Here's the rest of my PC just in case:
Gigabyte 6VX7-4X (Apollo Pro 133 chipset)
RAM as described above
Creative GeForce2 Ti 64MB AGP
HDDs: Seagate 8.4GB (Pri. Master), Fujitsu 4.3GB (Pri. Slave)
ASUS CD Burner (Sec. Master)
FDD
Netgear NIC
Lucent Winmodem
 
Hey, I've put the PIII in now. The heatsink and fan I already have seem to
be OK - it maxes out at around 54-55 degrees, which is only about 3
degrees higher than the Celeron. I might get a new fan, so I can finally
have one with a sensor so I don't get the POST bitching about the lack of
one (two beeps every time I start the PC!).

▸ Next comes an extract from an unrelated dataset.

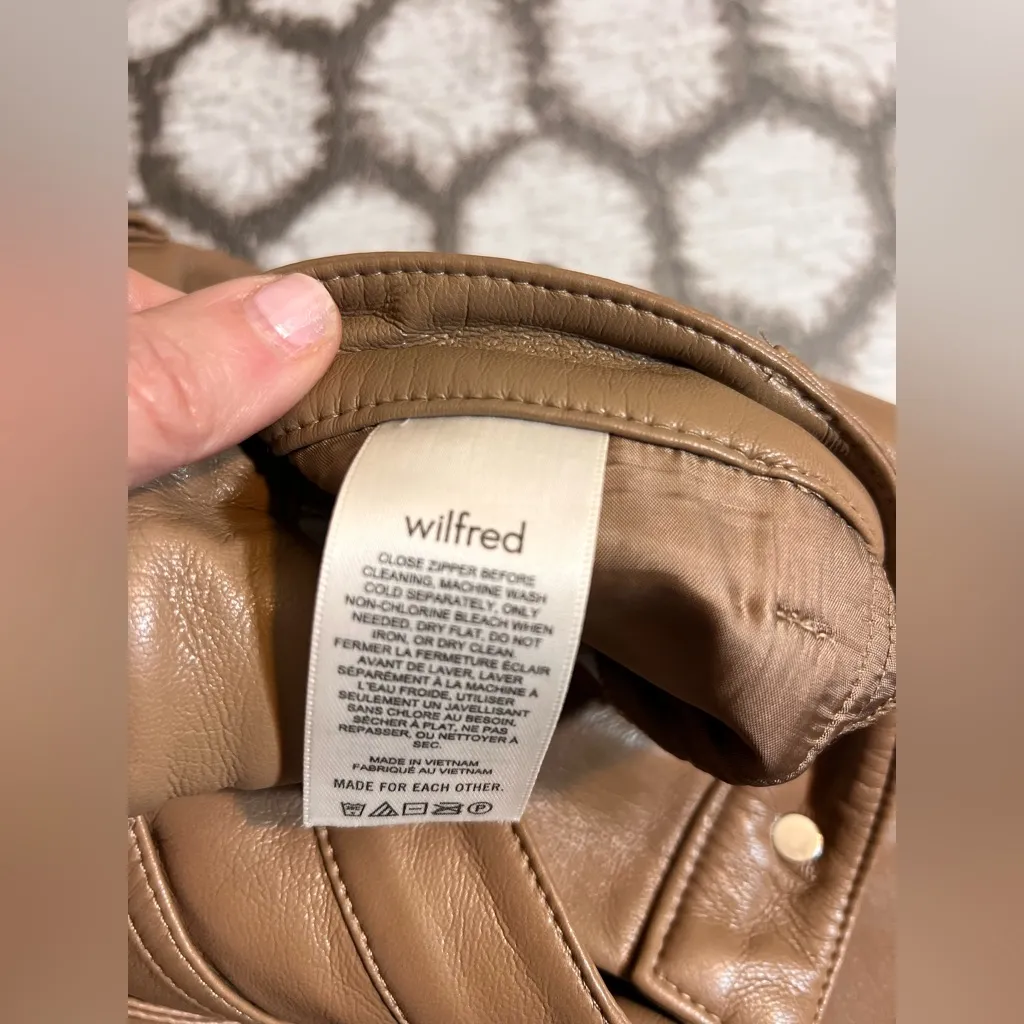 Wilfred Camel Faux Leather Pants Trouser size 4 - Image 5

There's two problems though - the secondary IDE controller doesn't want to
work any more.

Did it work prior to installing the PIII and immediately stopped
afterwards?

Is it possible you've disturbed some cabling or a power plug
during the CPU switch?

Should be easy to enough to switch back to the Celeron if problem
onset seems tied to CPU upgrade.

You might also flash newest bios (if you hadn't already) and load
setup defaults.


After POST recognising the two drives on the primary IDE
channel it stops for a while and comes up with some error (can't remember
exactly - something involving like "fault" or "failure"), and "press F1 to
resume". With the 512MB stick of RAM in on its own (it's some cheap Hynix
PC133 crap), it will do nothing after this, but with my other RAM (1x64MB
Toshiba PC100 + 2x32MB NEC PC100), it will continue and run as normal
(except minus the secondary IDE channel of course).

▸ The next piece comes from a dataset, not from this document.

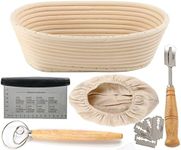 10inch Oval Bread Proofing Basket Set Sourdough Bannetons Fermentation Basket with Dough Scraper Dough Whisk Cloth Liner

Is memory bus set to synchronous (same as fsb) or +33? Set it
synchronous to FSB. Try lowering FSB to 66MHz temporarily to see
if it then boots further. Test with memtest86 if you can get
system to boot to floppy in whichever config you need use.

If bios is set to "auto" or "SPD" for memory try manual settings
(higher numbers) for timings.

I'll presume memory was working ok previously?
What could be the cause of this? Could it be a result of damage to the
processor?
Doubtful.

Or could it be something else? I was thinking of getting some
decent second-hand ECC RAM and an IDE controller card (the on-board
controller always seemed hideously slow anyway, even compared to a similar
PC with an Intel 810 chipset), but would this just be avoiding my
problems? I haven't found any other problems as of yet.

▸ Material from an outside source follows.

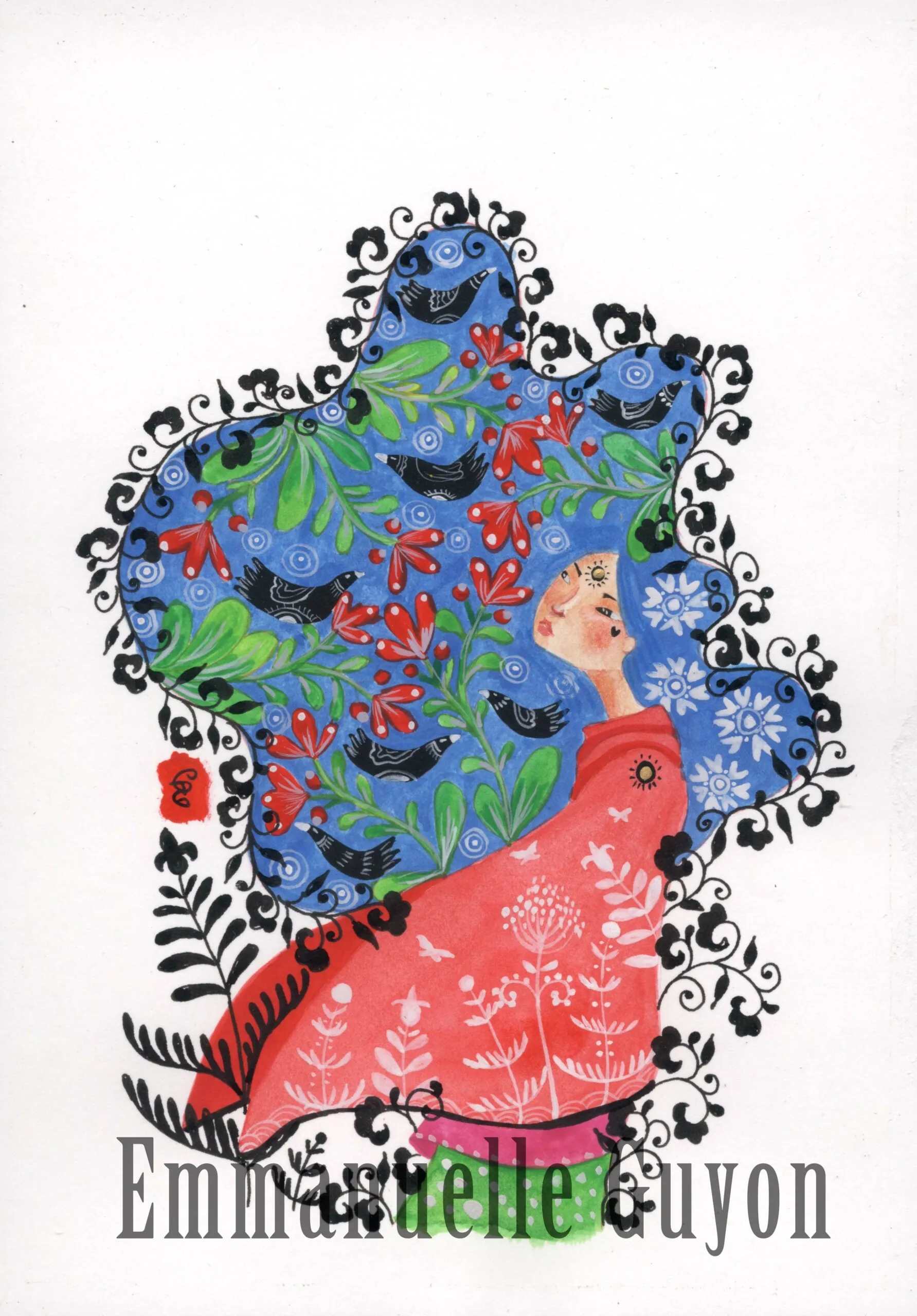Birds, a painting of a woman in harmony with nature and the mysticism of life cycles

I don't recall but does that chipset even support ECC? I'd
thought BX did but it didn't. It's been a while since I've used
one of those (similar) boards though, i may be mistaken.
Here's the rest of my PC just in case:
Gigabyte 6VX7-4X (Apollo Pro 133 chipset)
RAM as described above
Creative GeForce2 Ti 64MB AGP
HDDs: Seagate 8.4GB (Pri. Master), Fujitsu 4.3GB (Pri. Slave)
ASUS CD Burner (Sec. Master)
FDD
Netgear NIC
Lucent Winmodem

Nothing in particular jumps out as problematic. IF the board has
onboard jumpers (maybe switches) for 100MHz FSB, did you set
those or just use bios setting? Try using the switches/jumpers
for FSB if you didn't. Multiplier shouldn't matter, but you
might try changing switches for that too if there are any.
 
kony said:
On Fri, 23 Jul 2004 23:56:09 +0100, "Zilog Jones"
<kenshiro_this_address_is_ruined_by_spam_so_I_don'(e-mail address removed)>
wrote:

Did it work prior to installing the PIII and immediately stopped
afterwards?

That's pretty much what happened. I never had any problem like that
before. It says something more like "not ATAPI compatible" or
something ambiguous like that. I unplugged the power from the CD
burner and it still said that.
Is it possible you've disturbed some cabling or a power plug
during the CPU switch?

Yeah, but I thought I checked all the IDE cables. There was a lot of
dust around the CPU (on the motherboard, most noticably on the closest
RAM slot) as well - what's the best way to clean it? I can't remember
if compressed air was a good or bad thing to use on delicate
electronics - same goes for vacuum cleaners...
Should be easy to enough to switch back to the Celeron if problem
onset seems tied to CPU upgrade.

I suppose, but it took me about half an hour to get the thermal paste
off the 'sink and another half-hour to put the new stuff on yesterday
(it's the first time I've ever done it).
You might also flash newest bios (if you hadn't already) and load
setup defaults.

Yes, I updated it many a year ago. And it hasn't changed since 2001.
I'll try resetting it to the defaults though.
Is memory bus set to synchronous (same as fsb) or +33? Set it
synchronous to FSB. Try lowering FSB to 66MHz temporarily to see
if it then boots further. Test with memtest86 if you can get
system to boot to floppy in whichever config you need use.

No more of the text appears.